Its offensive on the Gaza Strip has so far left 37,834 dead, mostly civilians, according to data from the Health Ministry of the Hamas-led Gaza government.

The war has caused a humanitarian catastrophe in the small, besieged Palestinian territory of 2.4 million people, more than half of whom have been displaced: water and food are in short supply and the health system is on its knees.

A total of 32 hospitals out of 36 in the Gaza Strip have been damaged since October 7, and of them 20 are now out of service, according to the World Health Organization (WHO).

A UNRWA mission officer, Louise Wateridge, described living conditions in the Palestinian territory as “dire” on Friday, where humanitarian aid is arriving in dribs and drabs.

– “Bring them home” –

In Tel Aviv, thousands of demonstrators gathered on Saturday, as they do every week, to demand the return of the hostages and protest against the Prime Minister.

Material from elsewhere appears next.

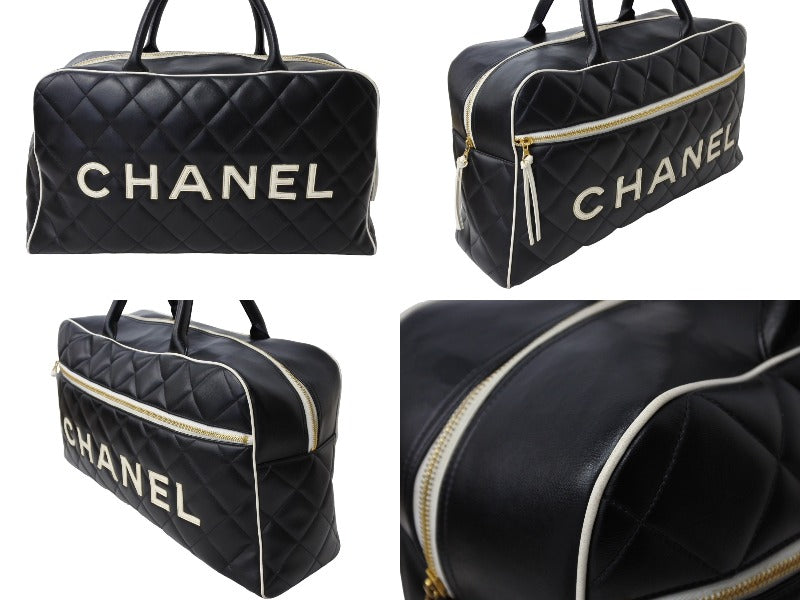 CHANEL シャネル ボストンバッグ A05943 3番台 ココマーク カーフスキン ブラック キルティング ロゴ 美品 中古 65155 –  Casanova Vintage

Among them is former hostage Noa Argamani, 26, who was freed on June 8 along with three other captives during an Israeli army operation. “Although I have returned home, we cannot forget the hostages who are still in Hamas captivity, and we must do everything in our power to bring them home,” she said.

On the diplomatic front, Osama Hamdan, a senior Hamas official based in Beirut, said Saturday that negotiations for an agreement with Israel on a ceasefire and the release of hostages had not led to any progress.

He said that his movement had received the latest American proposal for an agreement on a ceasefire on June 24, but that it brought “nothing new”.

A plan presented at the end of May by US President Joe Biden, proposed according to him by Israel, has so far remained a dead letter, with the protagonists sticking to intangible demands.

Benjamin Netanyahu wants to continue the war until the total defeat of Hamas and the release of all hostages, while the Palestinian movement demands a permanent ceasefire and a total Israeli withdrawal from Gaza.

Fears that the conflict could spread to Lebanon have recently been heightened by a verbal escalation between Israel and Hamas’ ally Hezbollah.

Since October 7, the two camps have exchanged fire almost daily in the border area, deadly violence having pushed thousands of residents on both sides of the border to flee.